Was mich etwas irritiert, sind die nicht vorhandenen Hakenkreuze auf Bannern und Armbinden. Dass diese Hakenkreuze fehlen, ist im übrigens Schade. Die hakenkreuzlosen Banner und Armbinden des ansonsten so faktentreuen Comics vermitteln mir mitunter das Gefühl, von einer imaginären Diktatur in einem utopischen Werk zu Lesen.

Ach ja, zwei Fragen habe ich noch. Vielleicht können mich die Eingeweihten von Euch bei meiner folgenden Frage etwas aufklären:
- Handelt es sich bei der feminin argumentierenden Journalistin „Helene“ auf der Redaktionskonferenz der „Weltbühne“, um die Frauenrechtlerin Helene Lange?

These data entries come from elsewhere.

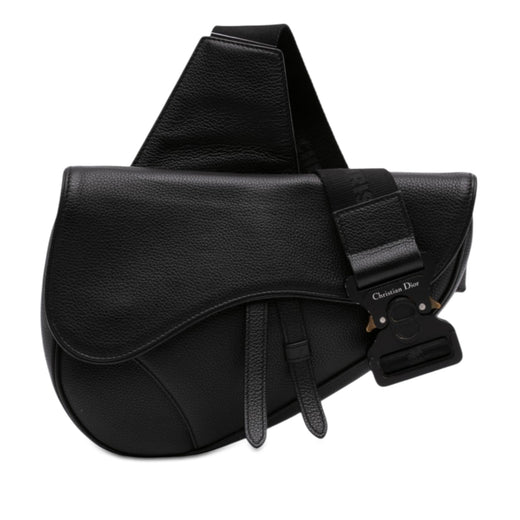 Grained Calfskin Saddle Bag - Image 1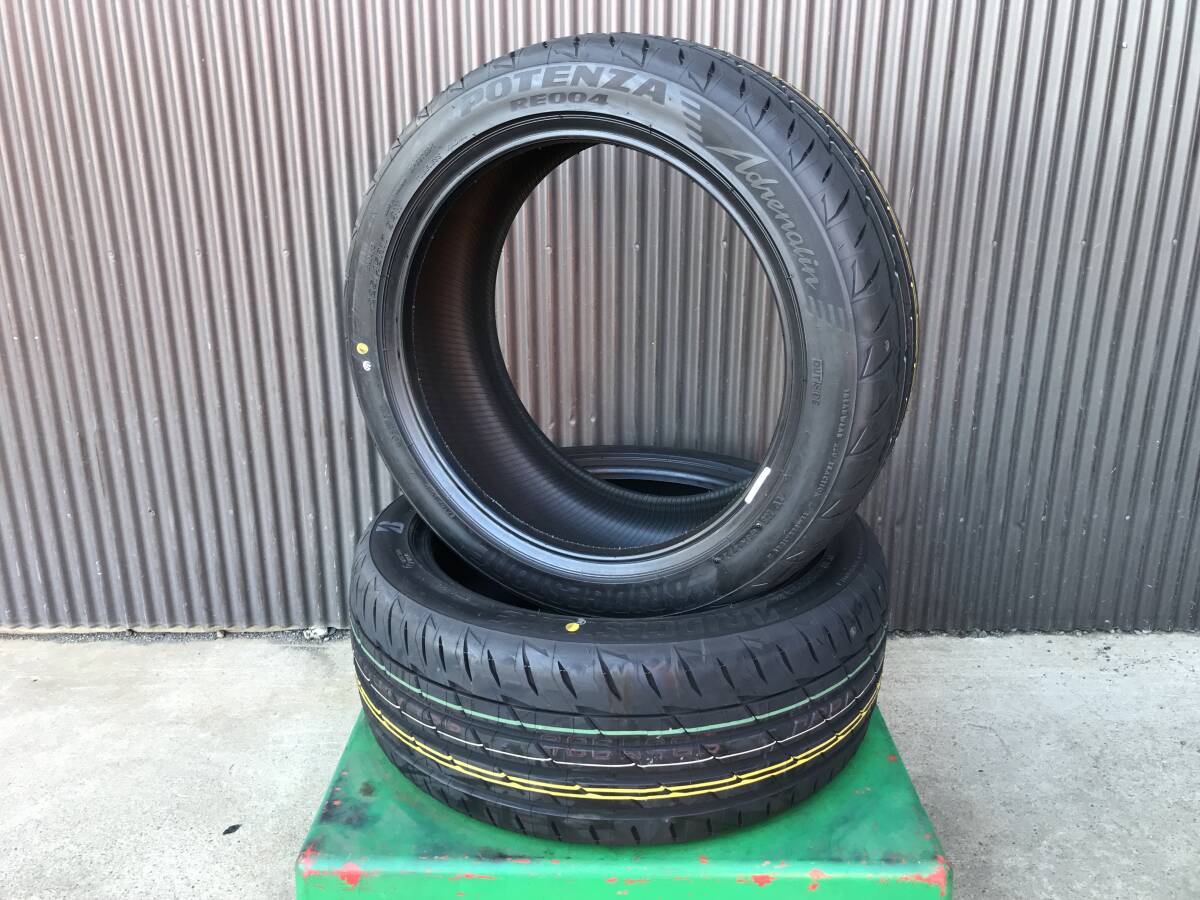 【送料無料/少数在庫限定品】2024年製 輸入新品 ブリヂストン 225/45R17 94W ポテンザ アドレナリン RE004 2本セット◆D2881拍卖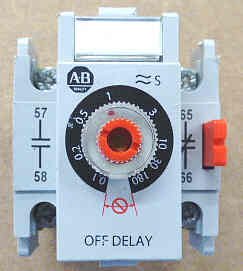 TIMER, ALLEN BRADLEY, OFF DELAY, 0.1 -180 SECONDS AB # AB-196-FTB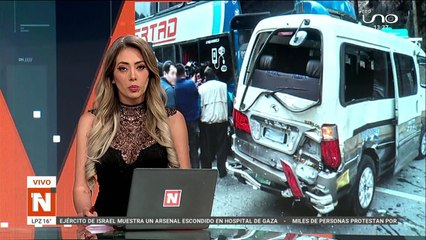 Detalle de accidente en autopista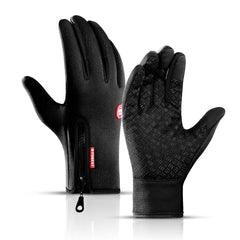 Autumn-Winter Motorcycle Gloves – Windproof, Anti-Slip, Touchscreen Fleece Gloves for Men & Women
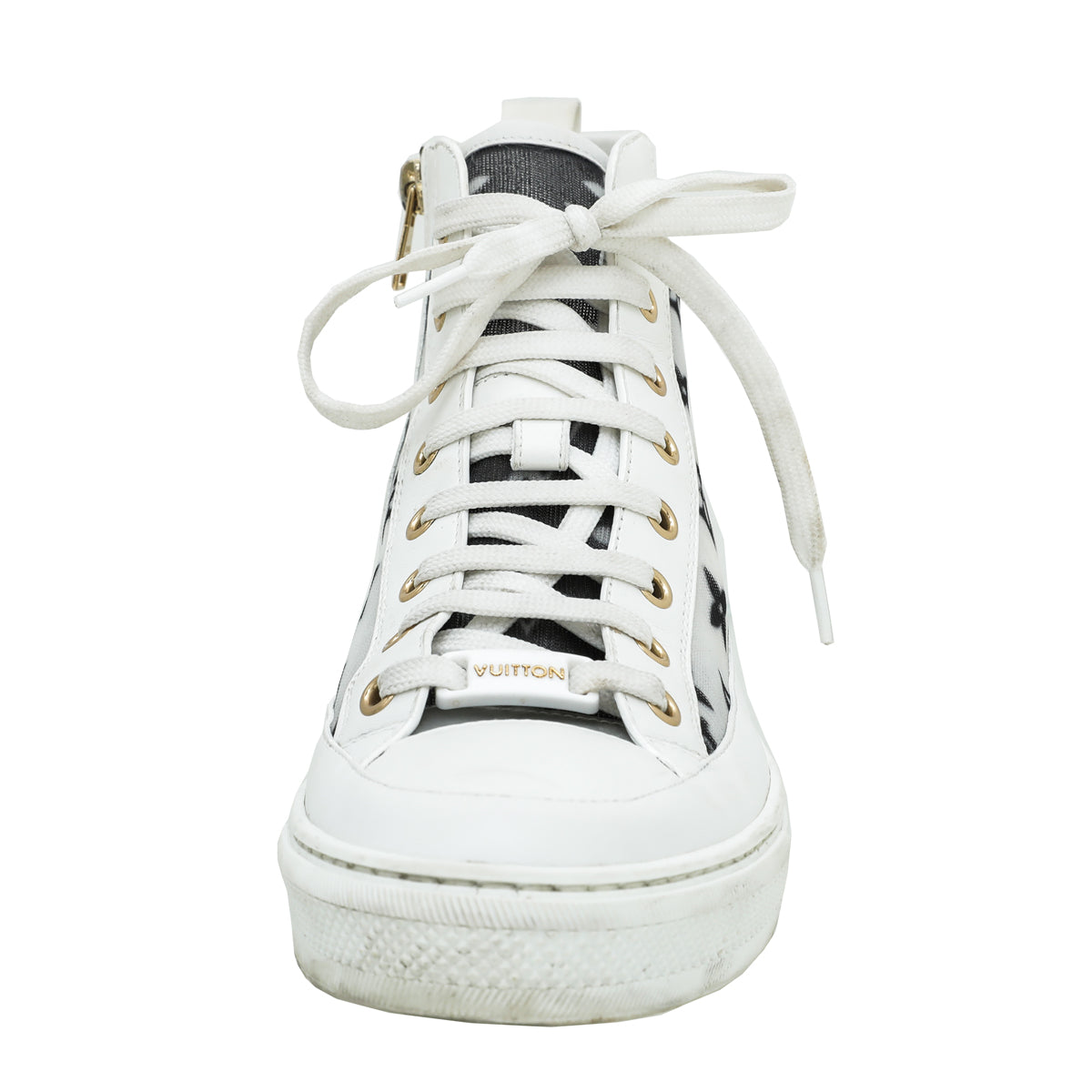 Louis Vuitton Bicolor Monogram Mesh Stellar High Top Sneakers 36.5-Louis Vuitton-THE CLOSET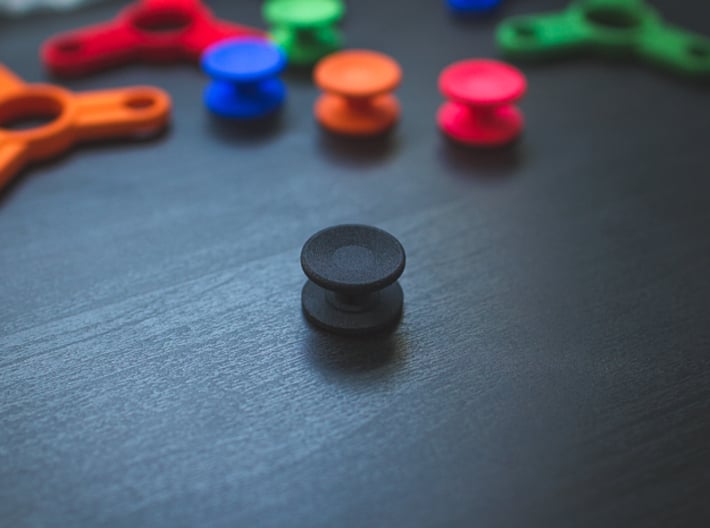 Bearing Caps for Fidget Spinner - Concave - Set   3d printed Connected Caps - Need to separate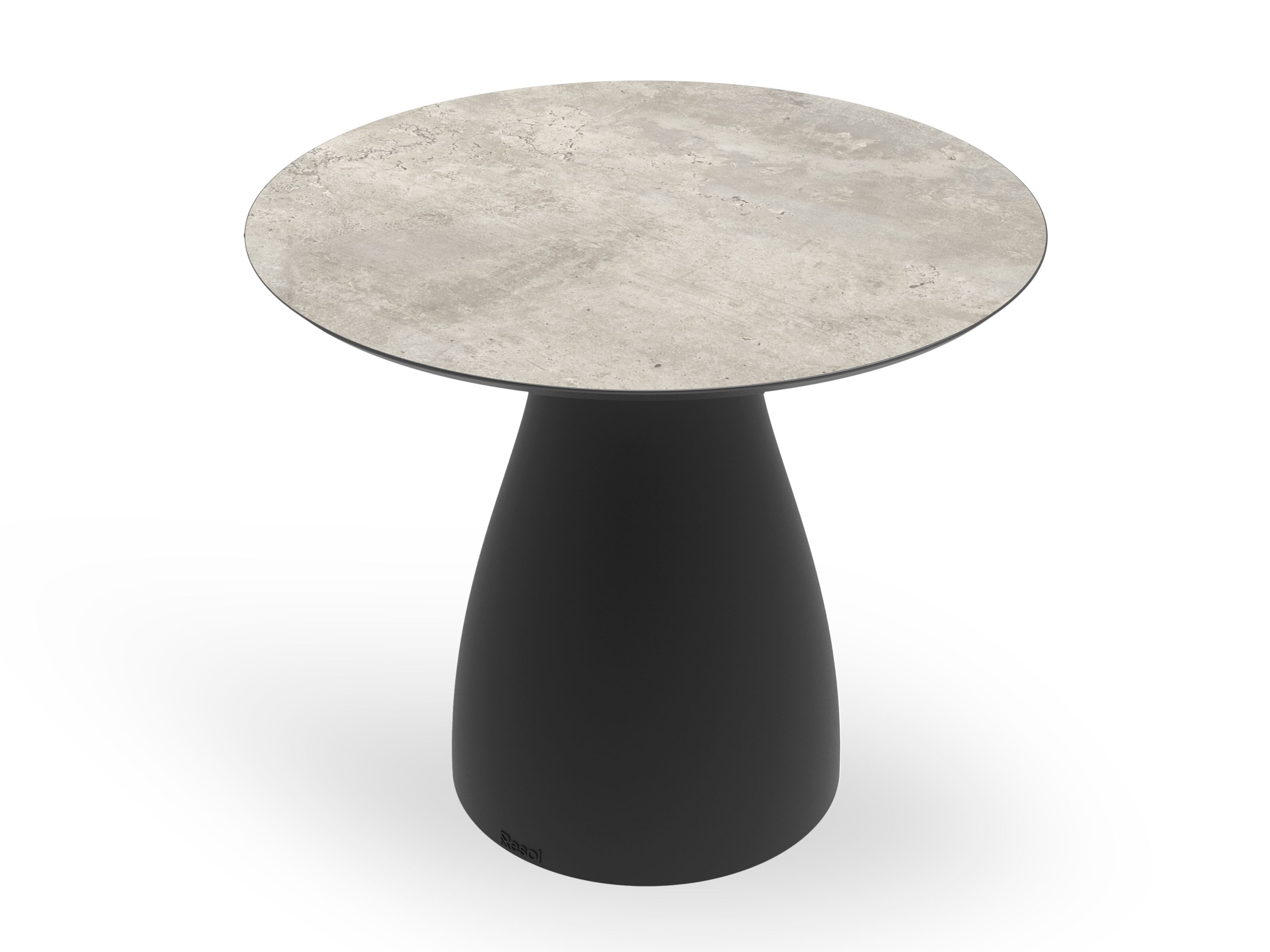 Круглый журнальный столик из HPL и полиэтилена Resol Baobab ARCH-00133458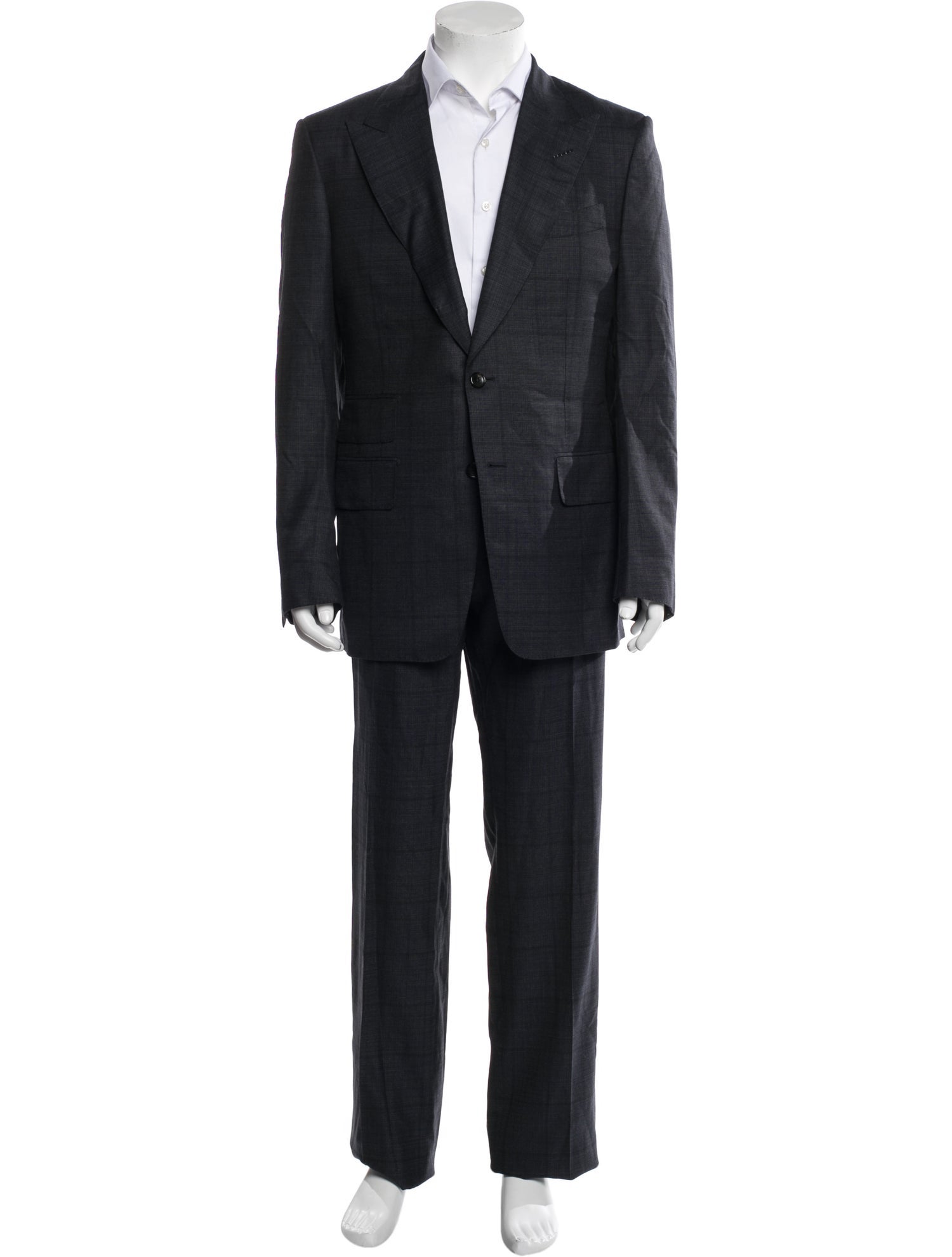 Tom Ford Plaid Print Two-Piece Blazer w/ Tags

- Der Liedtext des „Horst Wessel-Liedes“ nach dessen gewaltsamen (und übrigens gut recherchierten Tod) ist abgedruckt, obwohl es, wie ich meine, heute als NS-Lied verboten ist.

Nochmals ach, ja: Wer Erotik in Comics über dicke Titten und Latexkostüme von Miss Marvel und Co. definierte, wird, wenn er dieses Comic gelesen hat, ganz sicher eine höhere Evolutionsstufe erreichen.